[Captioned web image data]
——

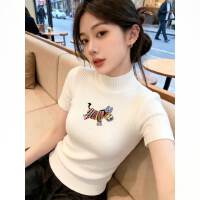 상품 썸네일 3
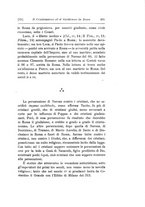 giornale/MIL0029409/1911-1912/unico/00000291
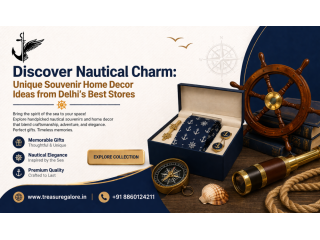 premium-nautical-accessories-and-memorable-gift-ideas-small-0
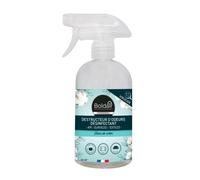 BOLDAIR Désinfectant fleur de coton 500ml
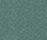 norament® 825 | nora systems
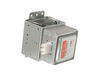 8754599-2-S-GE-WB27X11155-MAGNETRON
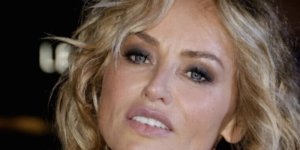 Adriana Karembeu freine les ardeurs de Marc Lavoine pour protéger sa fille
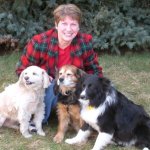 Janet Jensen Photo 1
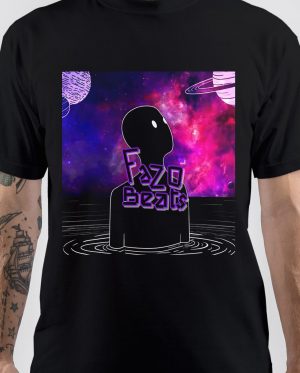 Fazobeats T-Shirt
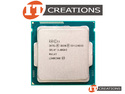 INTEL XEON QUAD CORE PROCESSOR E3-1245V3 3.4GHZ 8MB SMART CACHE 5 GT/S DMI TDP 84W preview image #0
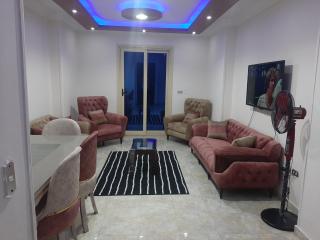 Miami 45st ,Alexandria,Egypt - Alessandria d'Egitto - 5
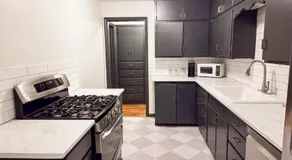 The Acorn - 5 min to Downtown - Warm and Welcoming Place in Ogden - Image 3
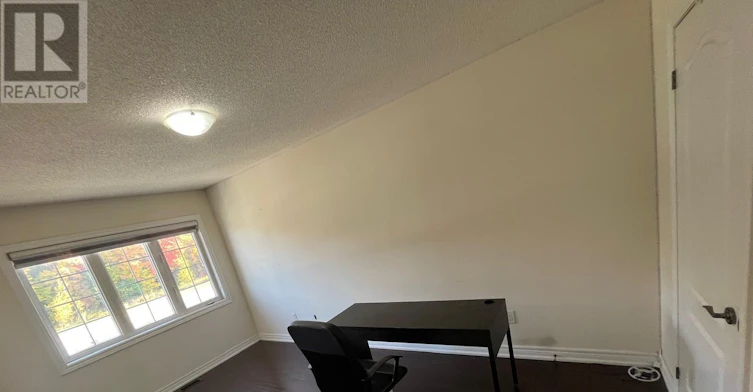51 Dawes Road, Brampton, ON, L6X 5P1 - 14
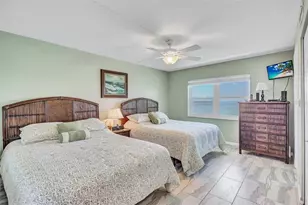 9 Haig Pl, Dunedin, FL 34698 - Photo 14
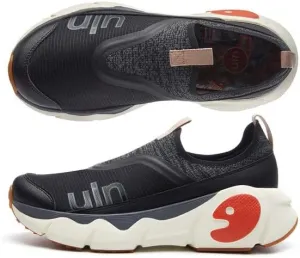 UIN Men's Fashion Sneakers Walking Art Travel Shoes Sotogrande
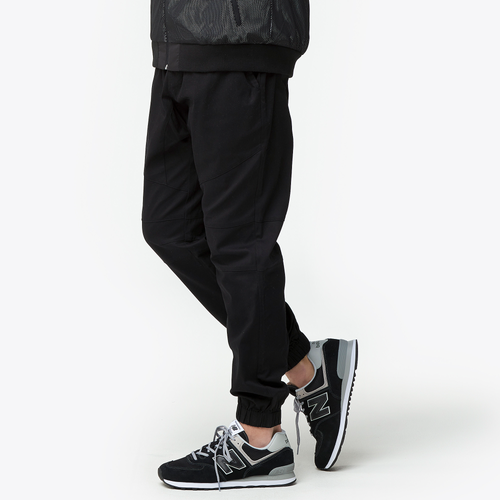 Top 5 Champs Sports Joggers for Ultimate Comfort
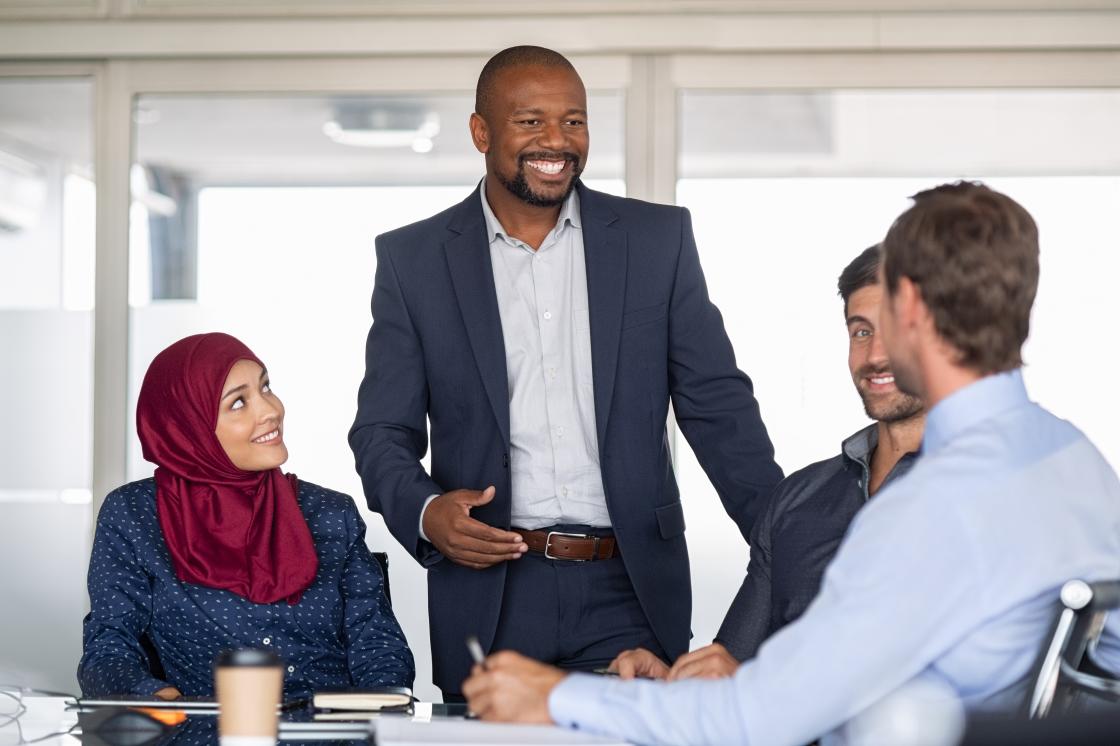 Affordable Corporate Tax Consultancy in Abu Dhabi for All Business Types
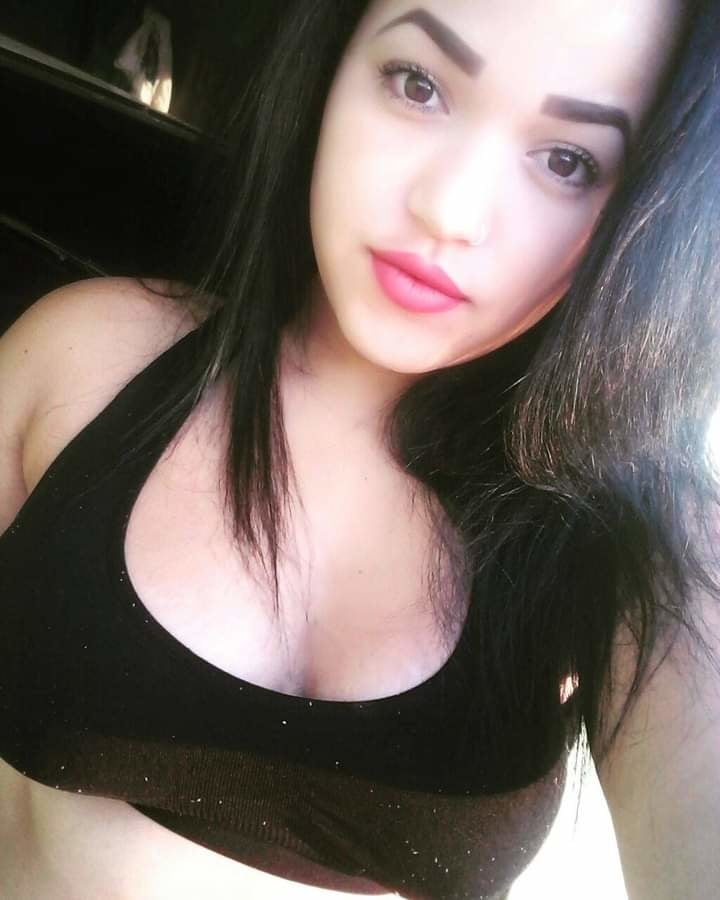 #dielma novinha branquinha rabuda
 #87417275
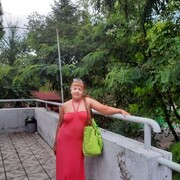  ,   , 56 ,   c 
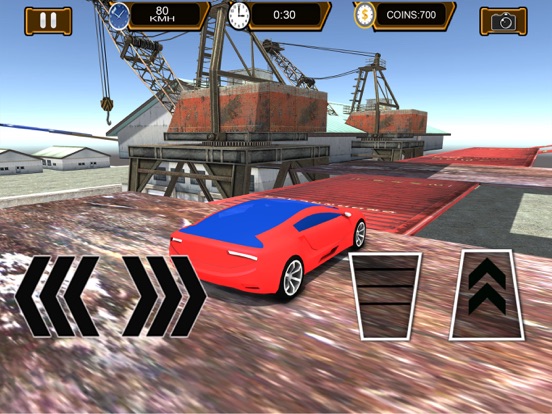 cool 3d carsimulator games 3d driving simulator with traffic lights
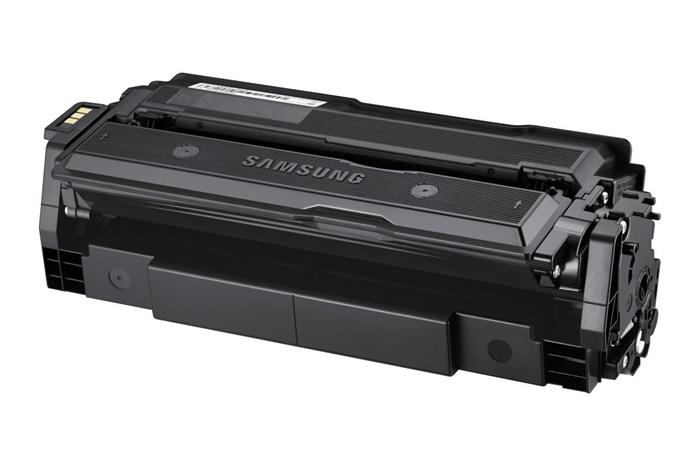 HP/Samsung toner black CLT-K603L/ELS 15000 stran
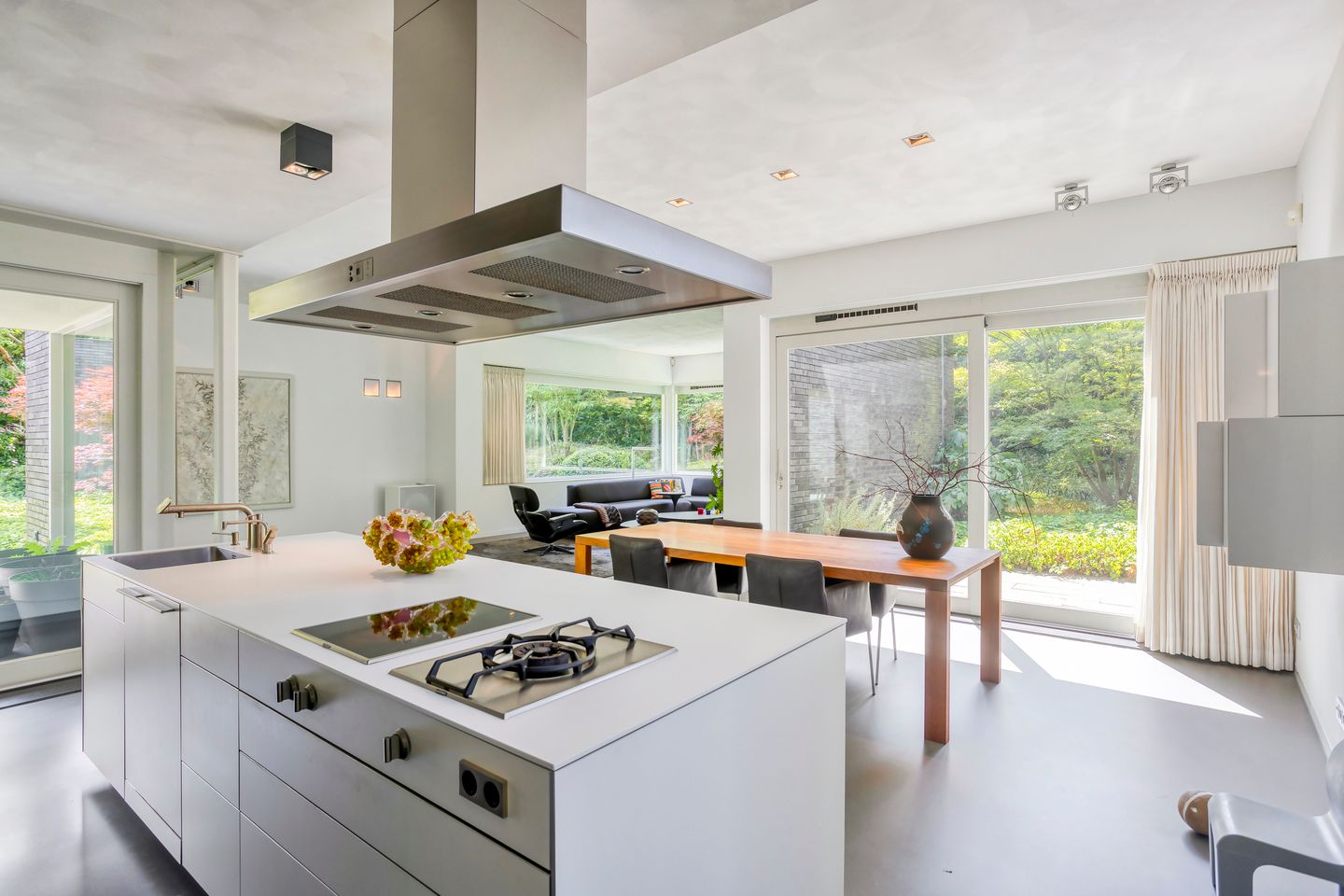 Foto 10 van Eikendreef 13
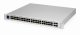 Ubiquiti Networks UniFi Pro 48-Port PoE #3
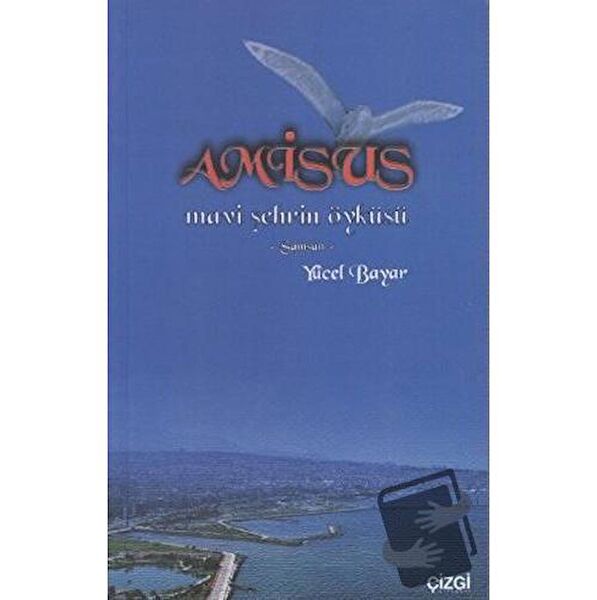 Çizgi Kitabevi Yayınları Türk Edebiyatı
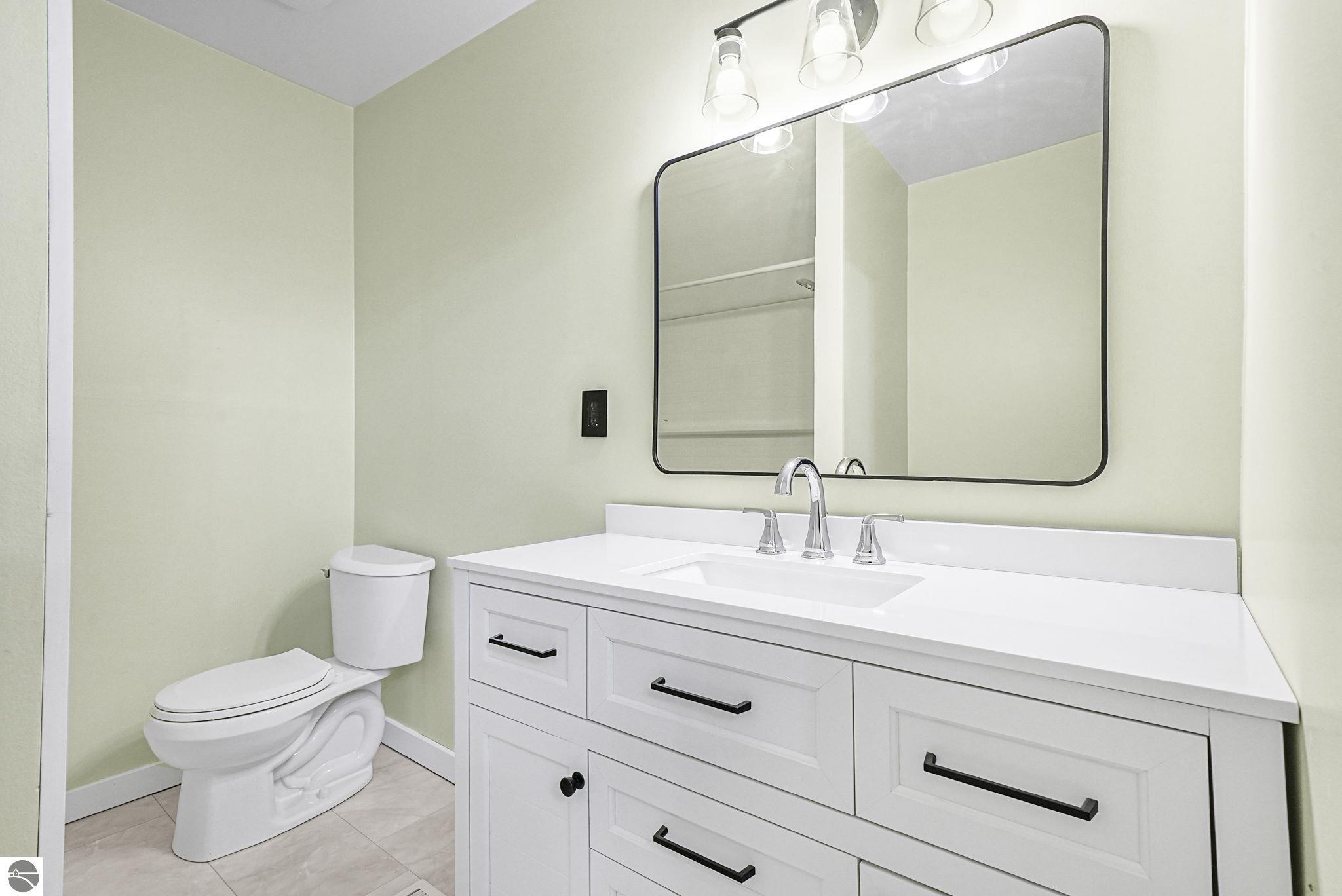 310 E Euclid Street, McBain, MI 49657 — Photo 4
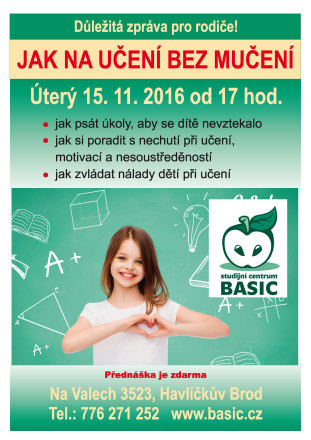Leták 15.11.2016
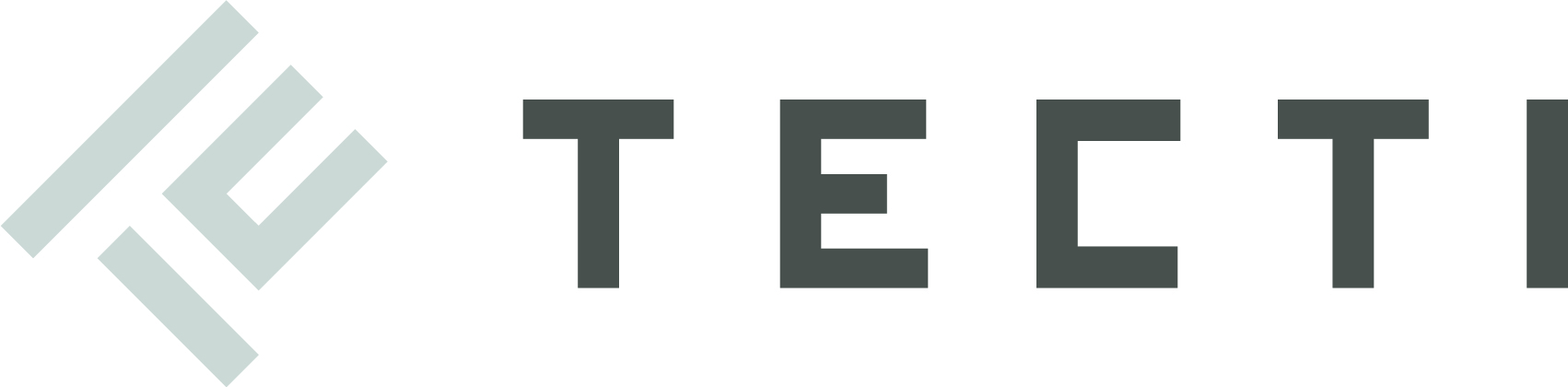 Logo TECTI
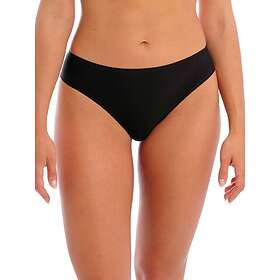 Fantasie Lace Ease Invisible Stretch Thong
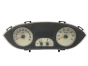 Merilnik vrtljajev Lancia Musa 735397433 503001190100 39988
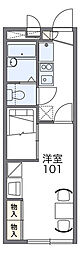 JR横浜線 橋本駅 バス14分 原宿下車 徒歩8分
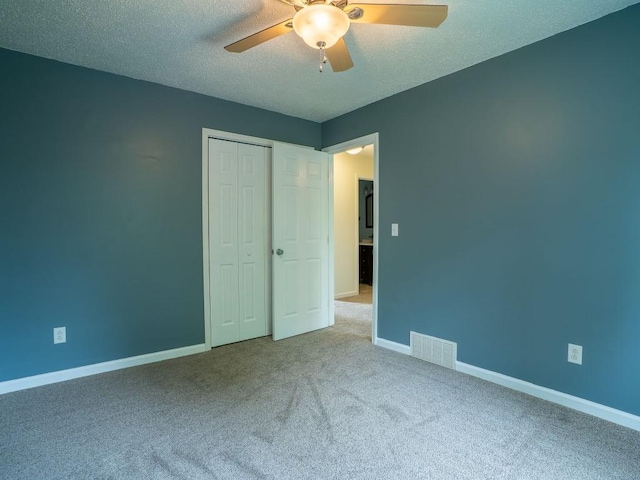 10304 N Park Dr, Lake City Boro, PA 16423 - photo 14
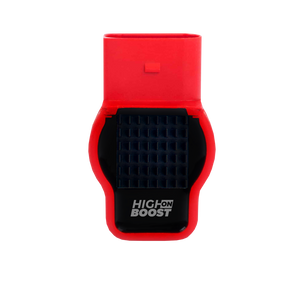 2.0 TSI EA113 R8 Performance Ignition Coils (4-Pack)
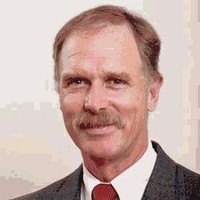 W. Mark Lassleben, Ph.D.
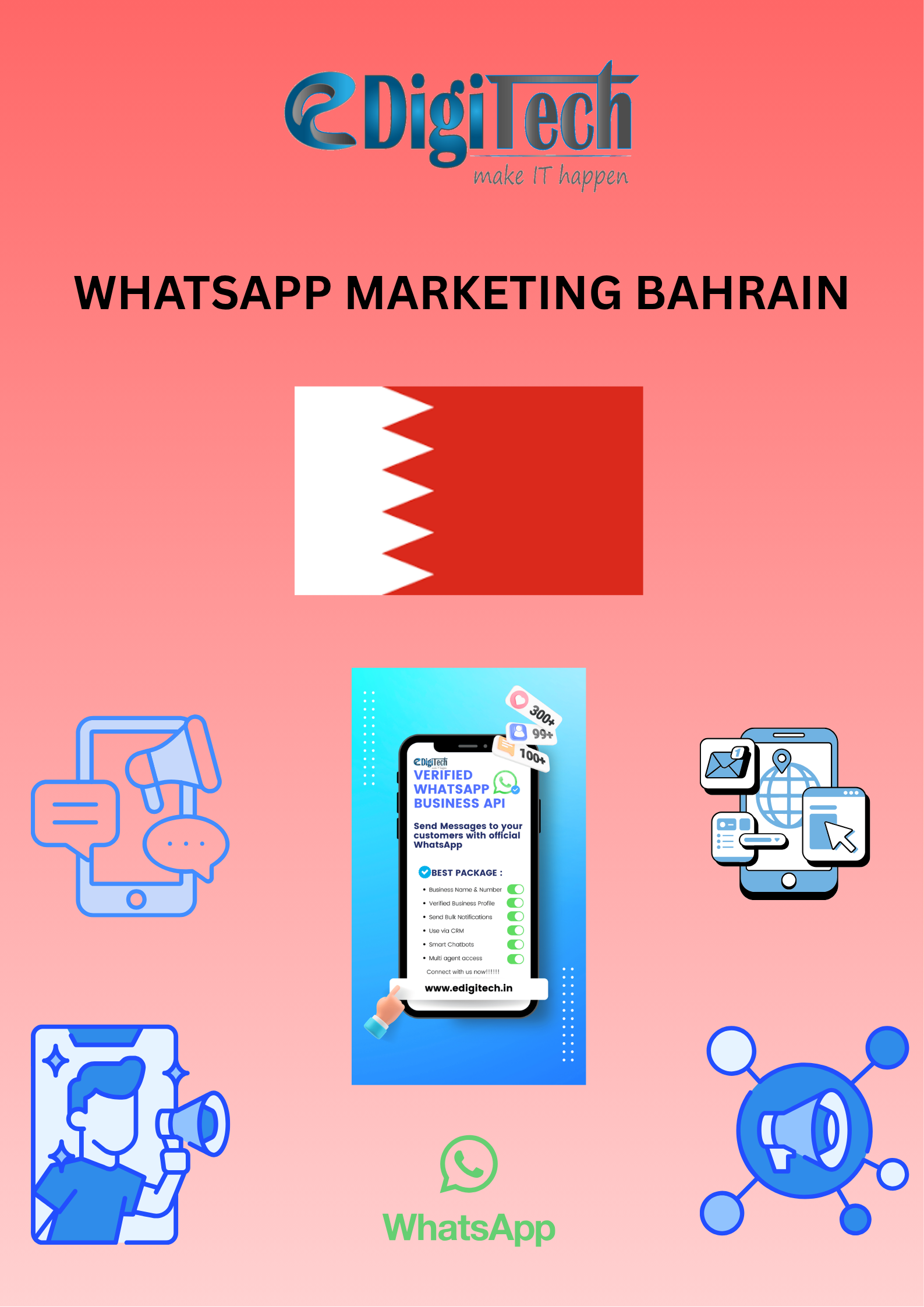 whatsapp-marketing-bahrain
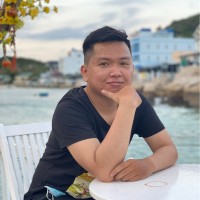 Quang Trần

——

From the opening line of the entries above to the line containing "Janet Jensen Photo 1", please transcribe each line exactly, skipping every picture.

▶ [TASK OUTPUT]
 상품 썸네일 3
 giornale/MIL0029409/1911-1912/unico/00000291
 premium-nautical-accessories-and-memorable-gift-ideas-small-0
 BOLDAIR Désinfectant fleur de coton 500ml
 norament® 825 | nora systems
 8754599-2-S-GE-WB27X11155-MAGNETRON
 Adriana Karembeu freine les ardeurs de Marc Lavoine pour protéger sa fille
 Janet Jensen Photo 1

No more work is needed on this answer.